[Short text fragments from websites]
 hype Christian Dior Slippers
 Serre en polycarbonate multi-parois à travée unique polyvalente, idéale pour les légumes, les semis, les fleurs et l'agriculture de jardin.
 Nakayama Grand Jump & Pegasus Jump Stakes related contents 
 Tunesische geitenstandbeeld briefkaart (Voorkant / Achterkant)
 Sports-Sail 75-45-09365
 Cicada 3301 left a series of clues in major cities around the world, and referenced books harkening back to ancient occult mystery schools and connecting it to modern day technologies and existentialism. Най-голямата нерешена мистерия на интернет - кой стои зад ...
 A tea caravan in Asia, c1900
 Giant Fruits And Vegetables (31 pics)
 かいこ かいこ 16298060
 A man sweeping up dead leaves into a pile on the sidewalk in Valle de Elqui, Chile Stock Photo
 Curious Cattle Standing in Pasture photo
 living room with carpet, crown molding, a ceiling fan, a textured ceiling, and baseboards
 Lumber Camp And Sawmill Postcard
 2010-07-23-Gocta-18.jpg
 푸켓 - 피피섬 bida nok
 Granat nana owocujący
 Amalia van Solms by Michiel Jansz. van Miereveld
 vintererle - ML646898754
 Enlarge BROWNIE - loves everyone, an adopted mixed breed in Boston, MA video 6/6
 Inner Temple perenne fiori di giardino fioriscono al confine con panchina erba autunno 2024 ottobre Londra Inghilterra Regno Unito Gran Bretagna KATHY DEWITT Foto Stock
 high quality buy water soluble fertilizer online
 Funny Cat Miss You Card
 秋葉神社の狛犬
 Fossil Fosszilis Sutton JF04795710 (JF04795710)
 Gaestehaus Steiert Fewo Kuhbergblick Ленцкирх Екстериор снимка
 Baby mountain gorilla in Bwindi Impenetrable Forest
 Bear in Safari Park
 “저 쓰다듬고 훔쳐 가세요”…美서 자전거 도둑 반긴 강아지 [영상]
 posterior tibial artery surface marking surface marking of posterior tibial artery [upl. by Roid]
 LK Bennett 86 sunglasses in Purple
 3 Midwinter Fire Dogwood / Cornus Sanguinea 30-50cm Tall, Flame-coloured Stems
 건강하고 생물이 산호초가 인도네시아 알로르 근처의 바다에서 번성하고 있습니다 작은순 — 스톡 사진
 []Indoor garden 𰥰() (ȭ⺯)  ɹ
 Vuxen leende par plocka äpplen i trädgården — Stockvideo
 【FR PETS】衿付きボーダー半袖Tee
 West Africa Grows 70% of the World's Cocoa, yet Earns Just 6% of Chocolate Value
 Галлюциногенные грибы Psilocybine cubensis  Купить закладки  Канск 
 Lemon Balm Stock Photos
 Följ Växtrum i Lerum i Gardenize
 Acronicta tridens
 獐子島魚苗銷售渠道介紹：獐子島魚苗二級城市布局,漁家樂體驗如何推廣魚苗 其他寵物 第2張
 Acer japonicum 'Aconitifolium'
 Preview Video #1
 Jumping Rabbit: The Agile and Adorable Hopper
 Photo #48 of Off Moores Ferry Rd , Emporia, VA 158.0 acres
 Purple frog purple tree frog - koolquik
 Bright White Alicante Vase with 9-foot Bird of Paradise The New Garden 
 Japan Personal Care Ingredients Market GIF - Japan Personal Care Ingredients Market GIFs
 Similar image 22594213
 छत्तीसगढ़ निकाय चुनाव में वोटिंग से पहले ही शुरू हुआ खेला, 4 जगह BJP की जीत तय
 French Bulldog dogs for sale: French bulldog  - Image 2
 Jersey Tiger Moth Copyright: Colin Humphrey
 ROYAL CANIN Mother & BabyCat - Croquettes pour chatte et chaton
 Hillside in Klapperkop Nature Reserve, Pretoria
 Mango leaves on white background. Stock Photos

(Exercise description) Return word for word the lines above from the line with "Bear in Safari Park" to the line with "Preview Video #1", including both and leaving out all others.

(Solution for this task)
 Bear in Safari Park
 “저 쓰다듬고 훔쳐 가세요”…美서 자전거 도둑 반긴 강아지 [영상]
 posterior tibial artery surface marking surface marking of posterior tibial artery [upl. by Roid]
 LK Bennett 86 sunglasses in Purple
 3 Midwinter Fire Dogwood / Cornus Sanguinea 30-50cm Tall, Flame-coloured Stems
 건강하고 생물이 산호초가 인도네시아 알로르 근처의 바다에서 번성하고 있습니다 작은순 — 스톡 사진
 []Indoor garden 𰥰() (ȭ⺯)  ɹ
 Vuxen leende par plocka äpplen i trädgården — Stockvideo
 【FR PETS】衿付きボーダー半袖Tee
 West Africa Grows 70% of the World's Cocoa, yet Earns Just 6% of Chocolate Value
 Галлюциногенные грибы Psilocybine cubensis  Купить закладки  Канск 
 Lemon Balm Stock Photos
 Följ Växtrum i Lerum i Gardenize
 Acronicta tridens
 獐子島魚苗銷售渠道介紹：獐子島魚苗二級城市布局,漁家樂體驗如何推廣魚苗 其他寵物 第2張
 Acer japonicum 'Aconitifolium'
 Preview Video #1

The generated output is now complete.